My data set gives information about each collision and details of all traffic collisions occurring on county and local roadways within Montgomery County. I plan to explore the amount of collisions that occur within each month of the year and what agency reports the collision. I want to find if any month has a disproportionate number of collisions and potential reasons, such as holidays. I also want to find out if there’s any correlation between collisions and hours.

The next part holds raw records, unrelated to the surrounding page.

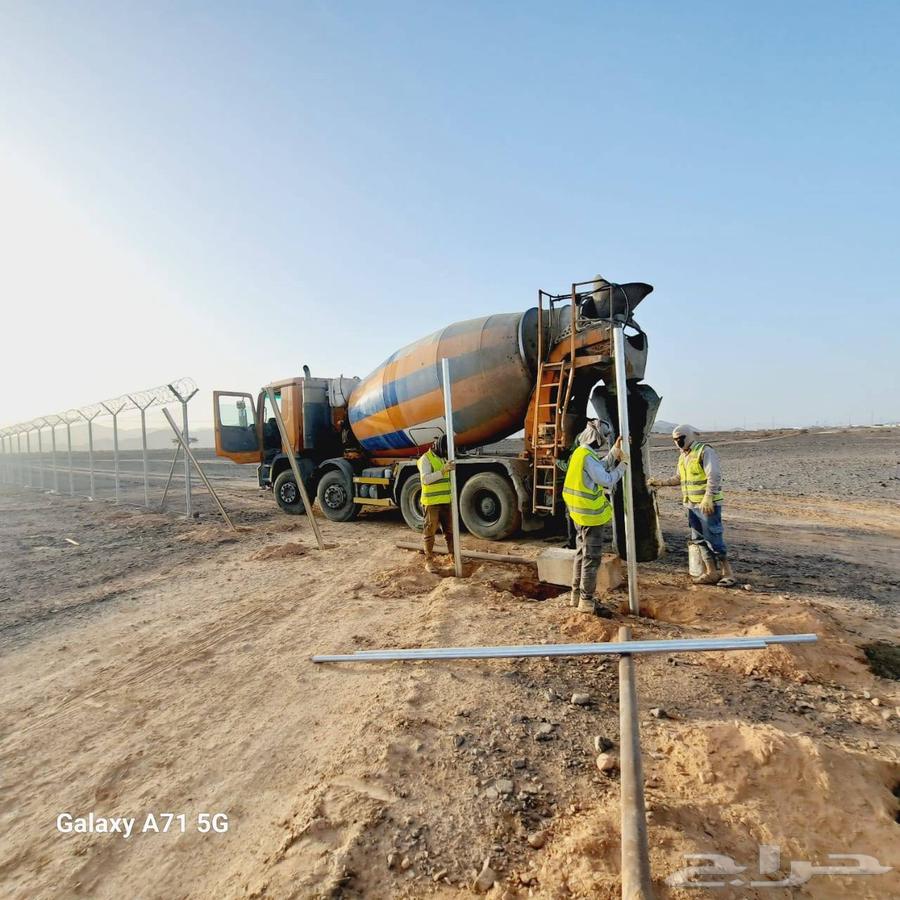 Fencing, fencing, palm trees and antennas contractor64563360632705114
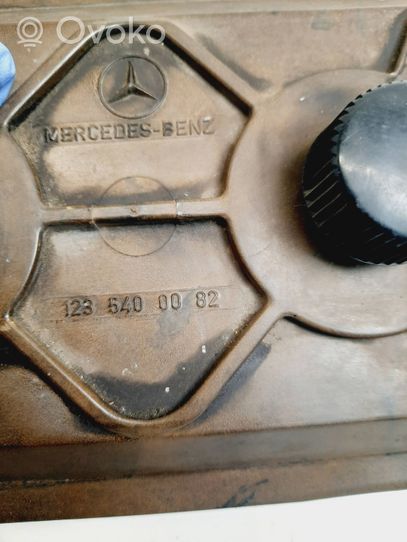 Mercedes-Benz W123 Boîte à fusibles 1235400082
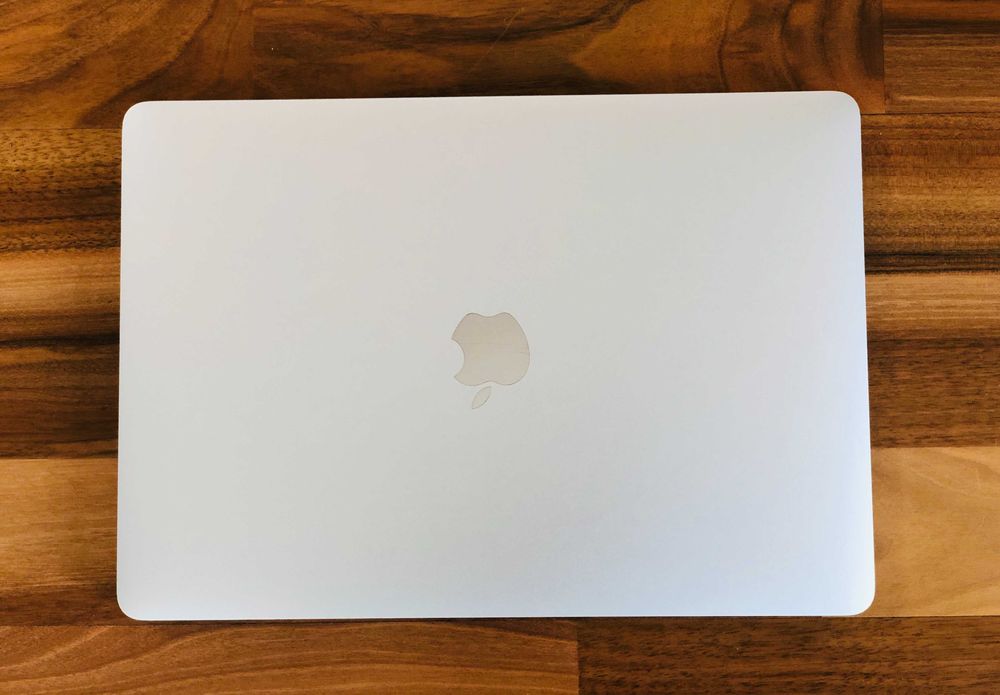 MacBook Pro 13-calowy 4-rdzeniowy PIERWSZY WŁAŚ. - STAN BARDZO ZADBANY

This data set was collected using the Automated Crash Reporting System of the Maryland State Police and provided to the public by Montgomery County, MD
Rows: 97458 Columns: 44
── Column specification ────────────────────────────────────────────────────────
Delimiter: ","
chr (38): Report Number, Local Case Number, Agency Name, ACRS Report Type, C...

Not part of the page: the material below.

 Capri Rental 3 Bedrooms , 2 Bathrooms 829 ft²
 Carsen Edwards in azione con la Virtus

dbl (6): Mile Point, Lane Number, Number of Lanes, Distance, Latitude, Long...
ℹ Use `spec()` to retrieve the full column specification for this data.
ℹ Specify the column types or set `show_col_types = FALSE` to quiet this message.
Linear regression model using hours of the day to predict the number of collisions
lm_model <-lm(total_collisions ~ hour, data = hourly_crashes)summary(lm_model)
Call:
lm(formula = total_collisions ~ hour, data = hourly_crashes)
Residuals:
Min 1Q Median 3Q Max
-3487.5 -1563.3 109.3 1434.6 2520.1
Coefficients:
Estimate Std. Error t value Pr(>|t|)
(Intercept) 2281.65 777.00 2.936 0.00764 **
hour 142.33 54.38 2.617 0.01573 *
---
Signif. codes: 0 '***' 0.001 '**' 0.01 '*' 0.05 '.' 0.1 ' ' 1
Residual standard error: 1844 on 22 degrees of freedom
Multiple R-squared: 0.2374, Adjusted R-squared: 0.2028
F-statistic: 6.85 on 1 and 22 DF, p-value: 0.01573
plot(lm_model)
The equation for my model is: Total Collisions = B0 + B1 * Hour + e.
Based on an adjusted R^2 value of 0.2028 it suggests that the relationship between hour of day and total collision only accounts for 20.28% of the variation in the data.
Based on a p-value of 0.01573 and using a significance level of 0.05, I can conclude that there is a significant linear relationship between the hour of the day and the total number of collisions.
Calculate the number of monthly crashes
Converting the date/time format to only months in a separate column
crashes2$month <-month(as.POSIXct(crashes2$crashdatetime, format ="%m/%d/%Y %I:%M:%S %p"))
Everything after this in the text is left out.